If there’s one thing the actor could never be faulted for, it was his honesty, even if it wasn’t always in his best interests. Reynolds spent half a decade as the biggest star in the industry, but his fears over venturing too far outside of his wheelhouse came back to haunt him when he never came close to recovering that position from the early 1980s onwards.
He cracked the A-list for headlining a very specific type of film; ones in which he’d play a charismatic rogue who, more often than not, was a dab hand behind the wheel. Once those days were over, Reynolds lurched from paycheque gig to paycheque gig, and reached his nadir when he was reduced to the straight-to-video action circuit, a place Nicolas Cage discovered is hard to escape from.
On the plus side, he wasn’t too far away from turning a corner, with his Academy Award-nominated performance in Paul Thomas Anderson’s Boogie Nights releasing less than ten months after 1996’s Raven, a shoddy shoot ’em up where he plays an elite soldier double-crossed and left for dead by the man he thought was his best friend.
Reynolds didn’t care for screenwriter Jacobson Hart’s script, so he decided to perform sweeping rewrites, which sounded as though they were based entirely on a recent viewing experience. “I’ve changed every word of mine in the film,” he proclaimed to The New York Times.

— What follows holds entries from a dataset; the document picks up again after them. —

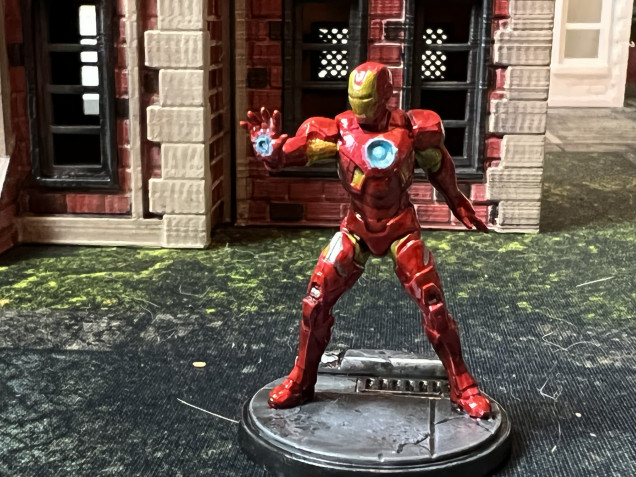  Iron man was a simple build and paint. I went for a silver dry-brush over my traditional zenithal highlight and used contrast paints for the armor. Reactor and hand beams were achieved with blue and white paint.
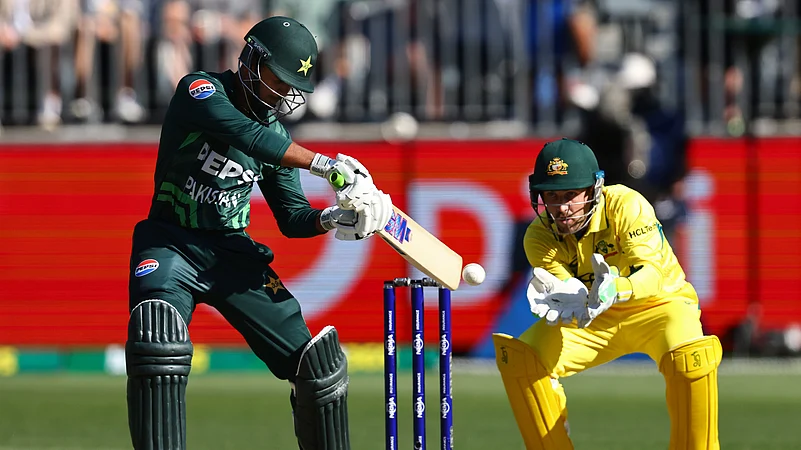 Pakistans Saim Ayub, left, bats in front of Australias Josh Inglis. AP Photo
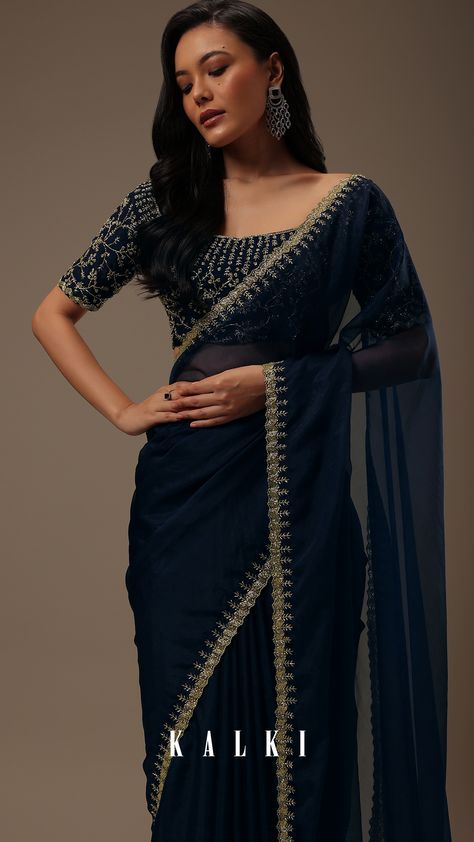 "Introducing our enchanting dark blue plain organza saree, a celebration of simplicity and opulent detailing. 
This saree showcases a cutdana border that adds a touch of elegance. The unstitched blouse fabric features heavy cutdana work all over.
EVENT - Perfect for evening parties.
The saree comes with a matching unstitched blouse." Dark Color Sarees Party Wear, Dark Colour Saree For Farewell, Dark Blue Saree For Farewell, Heavy Blouse With Plain Saree, Dark Blue Blouse Designs, Dark Color Saree, Simple Elegant Saree, Dark Saree, Grad Saree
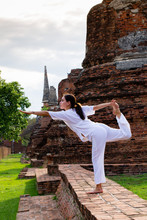 Yoga Practitioner At A Thai Temple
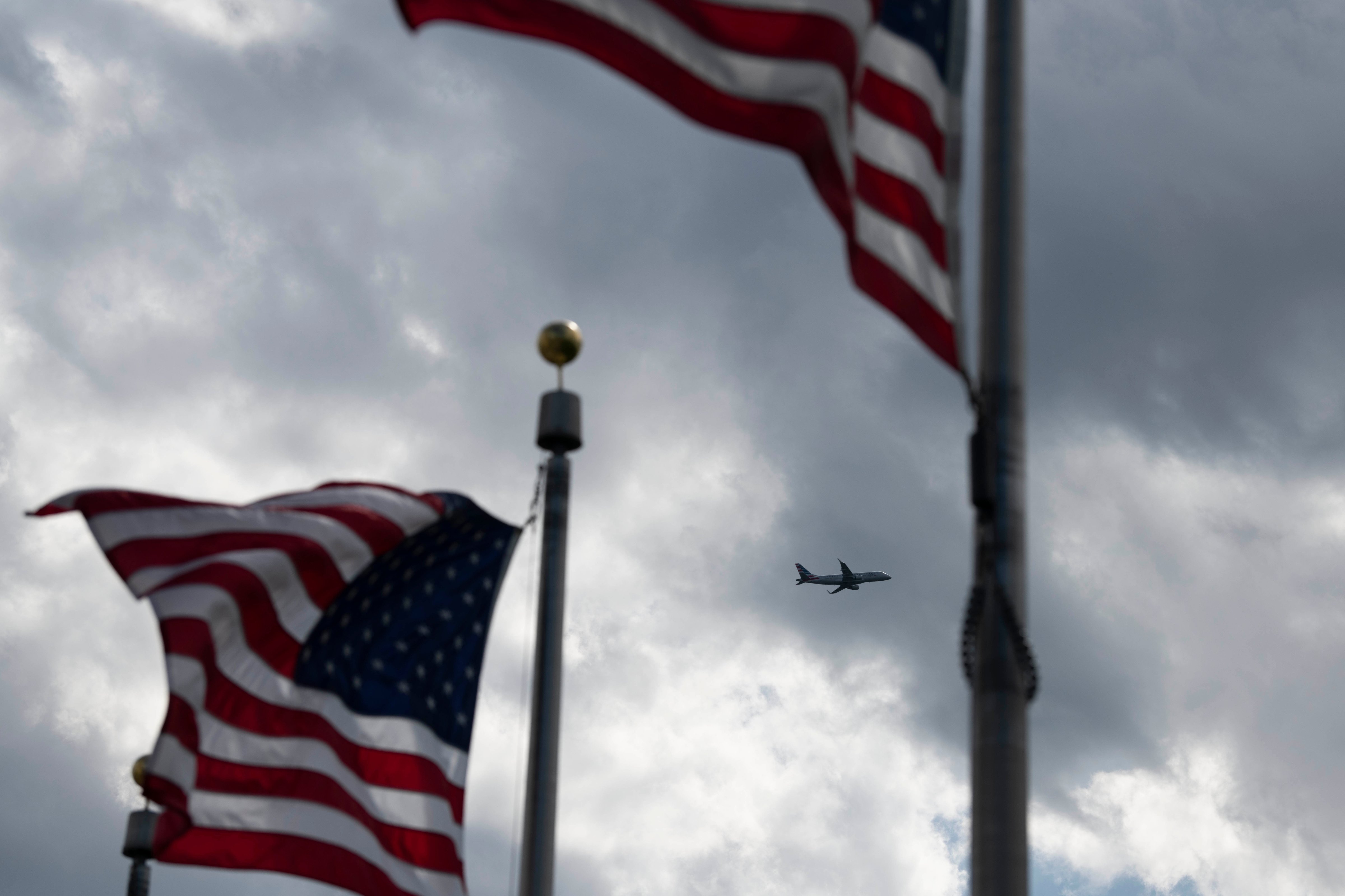A plane flies in the sky over Washington D.C on April 21, 2020. (Liu Jie—Xinhua News Agency/Getty Images)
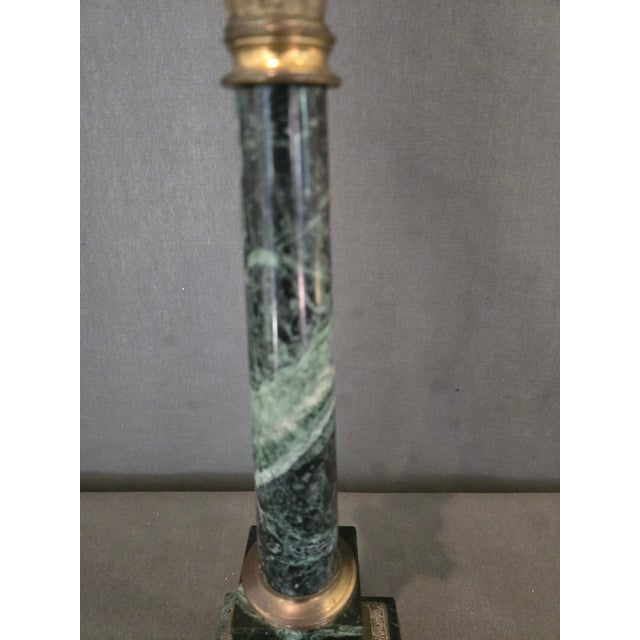 Neoclassic column lamp made of dark green marble with bronze accents. The lamp has new wiring with a 3way light socket.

“The really talented ones understand it’s a collaborative effort, and if you say something funny, they say, ‘I wrote that,'” he explained. “This movie is very much a copy of that [John] Travolta movie, Broken Arrow. I play the Travolta part. It’s a part I can play. It’s my part, my persona. And if you play a pink flamingo, you can play one for life, if it’s a hit.”

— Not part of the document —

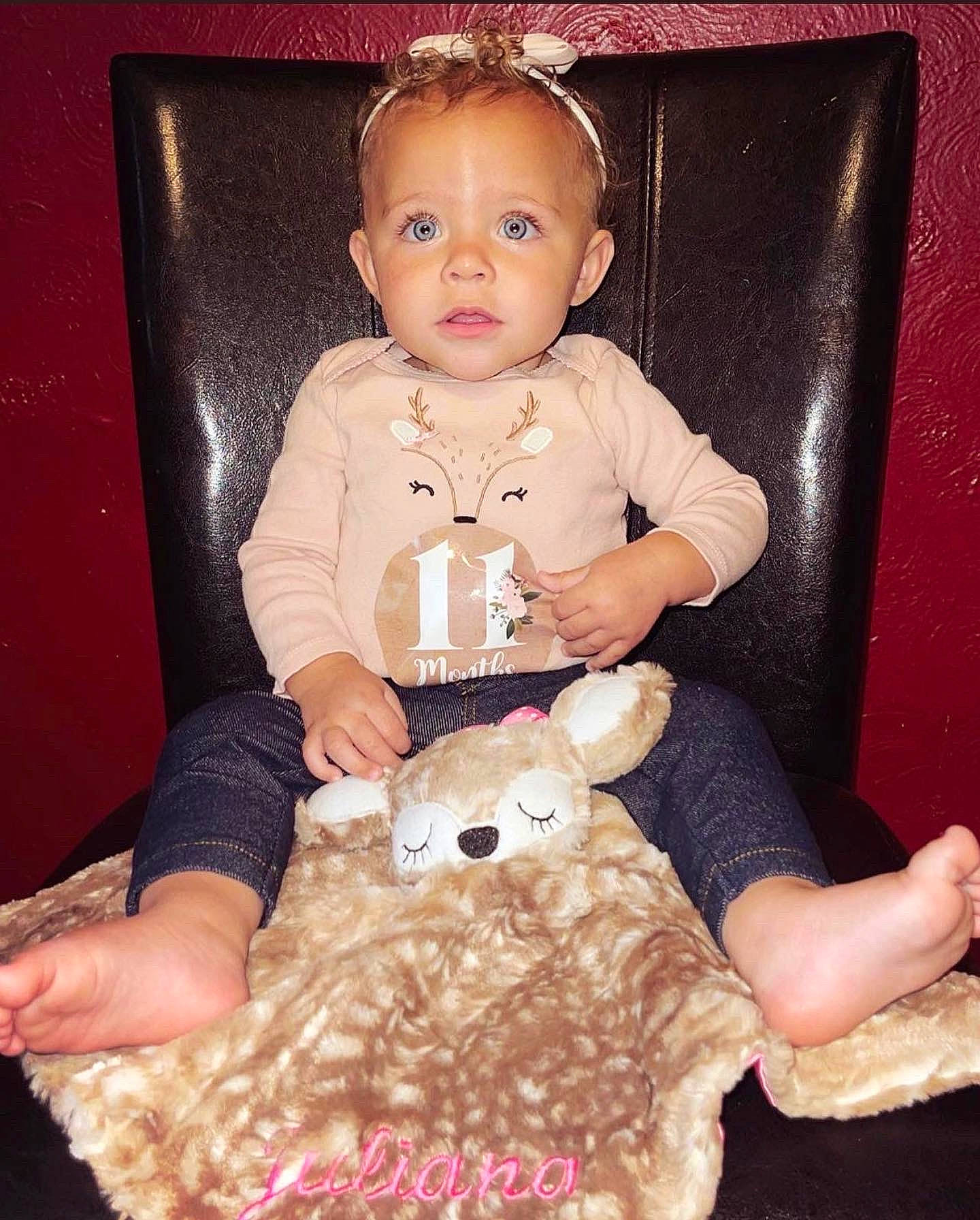Juliana is registered to the contest to win money with this photo: baby, baby_products, baby_toddler_clothing, chair, child, dessert, finger, fun, fur, happy, pattern, peach, person, pink, ruffle, sitting, skin, sleeve, toddler, toy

John Woo’s second Hollywood feature hit cinemas ten months before Raven, and it must have set the lightbulb off in Reynolds’ head. The plots are suspiciously similar, or at least, they would be if he hadn’t admitted he’d rewritten the script to try and copy it. It wasn’t even a good movie either, with the Hong Kong maestro delivering a by-the-numbers action flick that only shows flashes of his brilliance.
Still, it was more than enough for Reynolds to grab the pen and start rehashing Raven to bring it more in line with Broken Arrow, even if it begs the question as to why he’d choose such a resoundingly mediocre picture to try and make a bad one better.